One in four say 60%-100% of referrals for eating disorders and addictions are rejected
63% fear that young people will suffer harm due to lack of treatment, while 58% have seen patients’ symptoms worsen, forcing them to go to the emergency room.
Professor Martin Marshall, president of the Royal College of GPs, said the findings were “distressing and worrying”.
He added: “It is of utmost importance that if GPs refer these patients to specialist mental health services, these referrals are taken seriously and not dismissed without good reason.”
The Department of Health and Social Care did not comment directly on the findings.
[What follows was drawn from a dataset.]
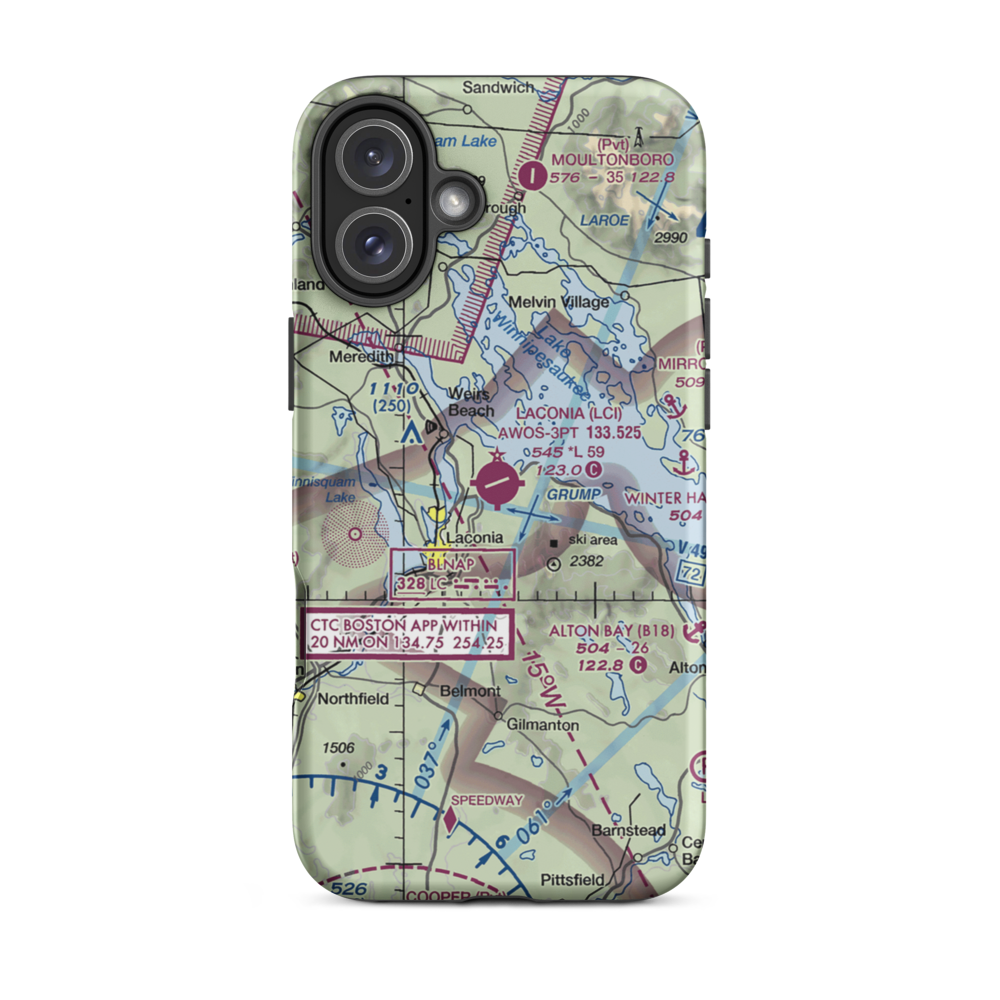 Laconia Municipal Airport (LCI) VFR Sectional  Tough iPhone Case iPhone 16 Plus model shown
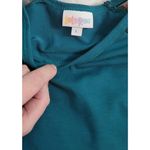 LuLaRoe Sz L Embroidered Floral Lace Sleeve Teal Photo 4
A spokesperson said: “We recognize the impact the pandemic has had on everyone, especially children and young people who have faced disruption to their home life and education.
“We have committed an additional £500m in 2021-22 to support those most affected, including £79m for mental health services for children, to accelerate the deployment of mental health support teams and expand community services. This builds on our commitment to expand and transform mental health services in England, supported by an additional £2.3bn per year by 2024, enabling hundreds of thousands more children to access support.
“We will launch a national conversation to inform the development of a new long-term mental health plan later this year.”